La comédienne se souvient : "Le 1er janvier 2004, Patrice Chéreau m'a adressé un texto en guise de bons voeux pour me dire qu'il se mettait à écrire pour moi. Il y avait eu des signes avant-coureurs et des occasions de se dire qu'on travaillerait bien ensemble. Puis, peu de temps auparavant, le tournage du Temps du loup de Michael Haneke où l'on était tous les deux acteurs : on s'était très bien entendu. L'envie était là, il fallait juste la concrétiser (...) Patrice m'a dit qu'il pensait adapter une nouvelle de Joseph Conrad, Le Retour, mais m'a demandé de ne pas la lire, car le personnage de femme qu'il me proposait y était très décevant. C'était une silhouette. Très vite, j'ai pu avoir une première continuité du scénario, et ce personnage, Gabrielle, avait pris de l'importance : il s'était mis à exister réellement. Comme si le film l'avait créé pour moi."
A propos du travail avec le cinéaste, dont il est un fidèle complice, Pascal Greggory note : "Patrice protège son monde, c'est un peu un chef de famille. Il me connaît parfaitement depuis le temps, mes qualités comme mes défauts. Et moi aussi, je le connais : il me dit d'abord non tout le temps, à chaque proposition, mais avec une telle envie de dire "oui" que ça passe parfois. Alors, je proposais sans cesse des choses, c'est devenu une sorte de jeu entre nous. Sur un tournage, Patrice vient avec une énergie folle, on attend ça de lui. A nous, ensuite, d'être à la hauteur... Ce fut une confrontation à trois. Il fallait être solide, car il y avait là trois égo forts."

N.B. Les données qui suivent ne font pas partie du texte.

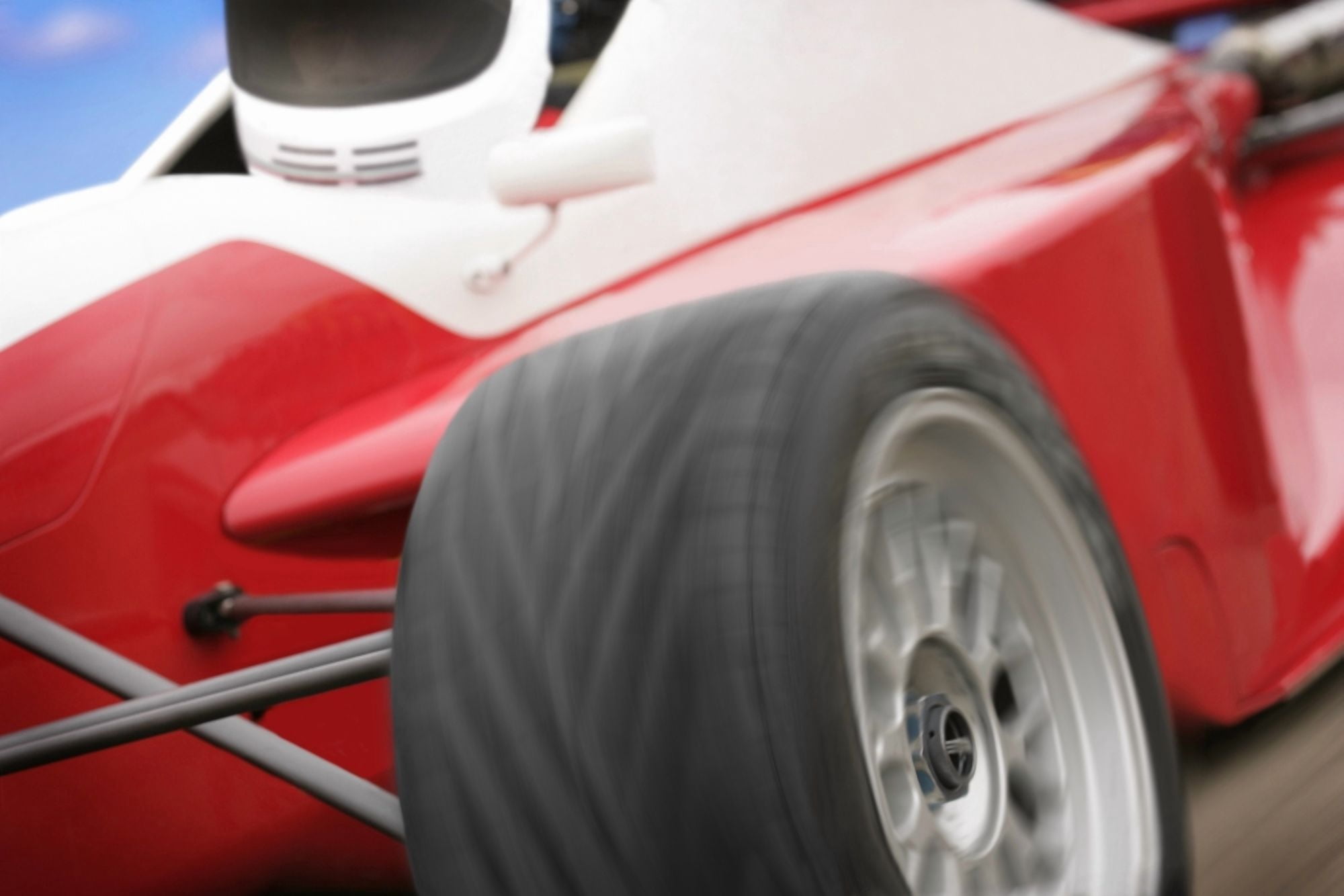 A Close-Up Of A Red Race Car Canvas Art - Don Hammond Design Pics (17 x 11)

C'est la troisième fois qu'Isabelle Huppert et Pascal Greggory se donnent la réplique au cinéma. Celui-ci trouve un de ses premiers rôles au cinéma en 1979, celui du frère dans Les Soeurs Brontë d'André Techiné, Huppert incarnant Anne. Ils se retrouvent 23 ans plus tard dans La Vie promise d'Olivier Dahan.
Gabrielle marque la quatrième collaboration de Patrice Chéreau avec l'un des chefs-opérateurs les plus demandés du cinéma français, Eric Gautier, qui fut directeur de la photo sur Ceux qui m'aiment prendront le train, Intimité et Son frère. Le scénario de ces deux derniers films était d'autre part co-écrit par Anne-Louise Trividic, qui figure elle aussi au générique de Gabrielle. La scénariste avait par ailleurs travaillé sur Au plus près du paradis de Tonie Marshall, un des rares films avec Chéreau-comédien. Enfin, le cinéaste, qui signe avec Gabrielle son deuxième film d'époque, onze ans après La Reine Margot, a de nouveau fait appel à Olivier Radot, qui fut chef-décorateur sur l'adaptation de Dumas Père sortie en 1994.
Le cinéaste précise ses intentions : "Au final, je voudrais juste que ce film ne soit pas un film sur une "femme de cette époque-là", mais qu'il ait une vocation plus universelle : raconter cette femme qui revient dans cette maison parce que l'amour n'y habite pas, cet homme qui en part parce que la vie n'y a jamais été. Qu'il réponde à une question de toutes les époques, qu'il capte quelque chose de l'ordre de l'insaisissable, du secret des visages et des mouvements. Tout était dans la manière de raconter, sous une forme apparemment très policée, la violence sourde de cette guerre civile à deux, de cette prison dorée où deux corps se découvrent et se haïssent. Comprendre comment filmer ces dîners, ce monde saturé d'obligations, de paroles mondaines ou futiles, et nous faire comprendre à quel point on en est de la folie de cet homme-là et de l'autonomie de cette femme. Deux êtres que n'aura jamais préoccupé la moindre affection, et qui, mariés depuis dix ans, n'avaient jamais pensé à former un couple et en avaient même oublié qu'ils avaient un corps."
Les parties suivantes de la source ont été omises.